ティンクル☆くるせいだーす GO~TO~!!動き出す地界人! 作:Ma-sA
「ただいま〜」
家に帰り、2階に上がる。母さんは買い物に行っているようで今はいない。
「リ・クリエを阻止してほしい……か」
正直、守るという実感が湧いてこない。
なんせ歴史には記載されているが、この地界で起きたことなど一度もないから、大事をいきなり目の前に置かれても理解したりするのに時間がかかる。まして世界を救う手伝いをしろなんて……
(おい)
なんだ?
(お前にしては深く考え過ぎてないか?)
おい、それは俺を馬鹿にしてるのか?
(馬鹿にはしていない。要はお前一人がそのリ・クリエとやらを解決するわけではない。話を聞く限りでは、元々人間が解決してきたみたいだしな。それなら向こうにも味方がいるし何よりお前の友人もいる)
1人で背負い込むなってことか?
(そうだ。そしてお前には俺という心強い力がある。お前が望むのであれば、俺もリ・クリエに協力しよう。あっちに行けば俺の記憶も元に戻るかもしれないしな)

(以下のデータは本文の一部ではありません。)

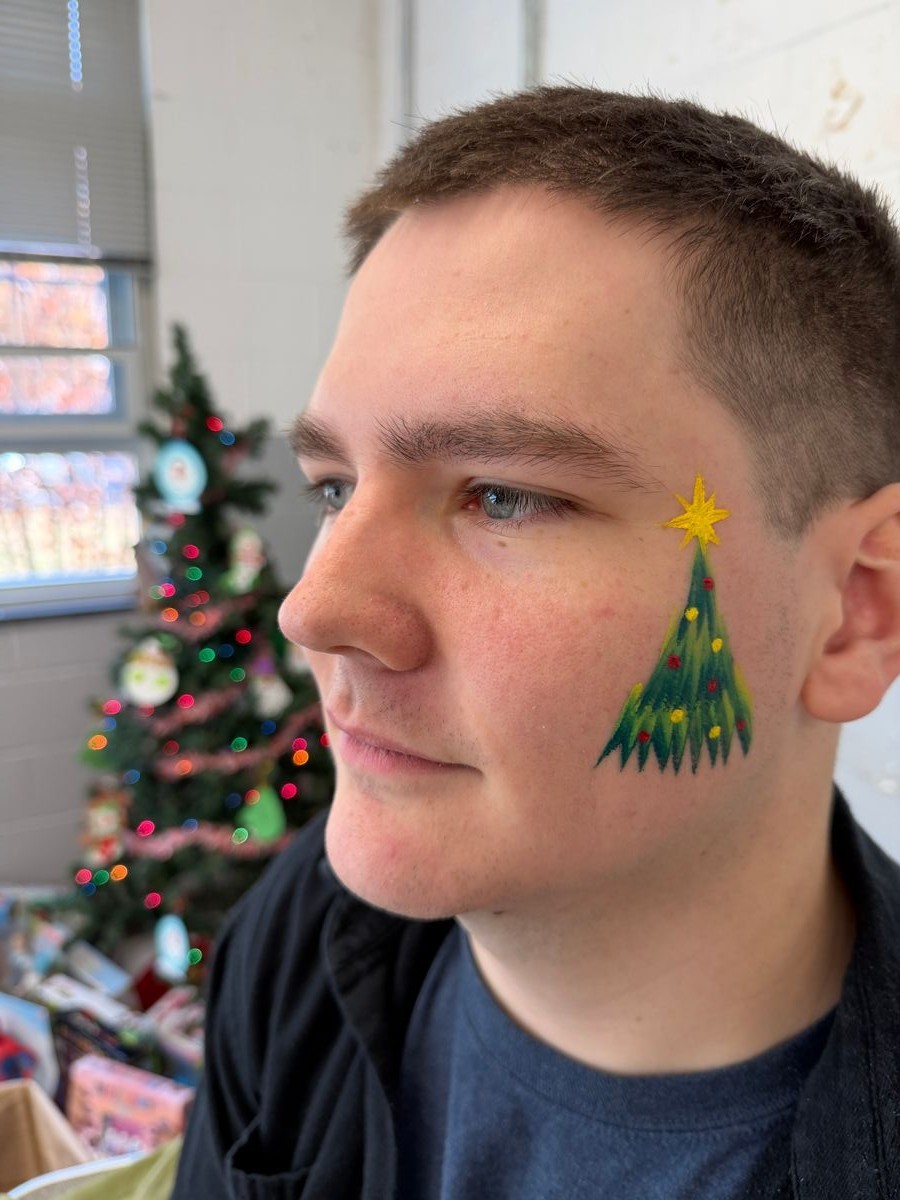✨ holiday designs face painting bowling green kentucky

お前の記憶もなんとかしないとな。せめて自分が何者かぐらいは知らないとな。
(ああ、だからよろしく頼む)
けど、本当に俺たちでいいのだろうか?
(まだ言うか。現にあの中ではお前達が一番力があると思うぞ)
根拠は?
(決勝で戦った。魔族もどき、あれはお前のせいでボロボロだ。今のお前にとっては負けることはない相手だ。他のやつだってそうだ)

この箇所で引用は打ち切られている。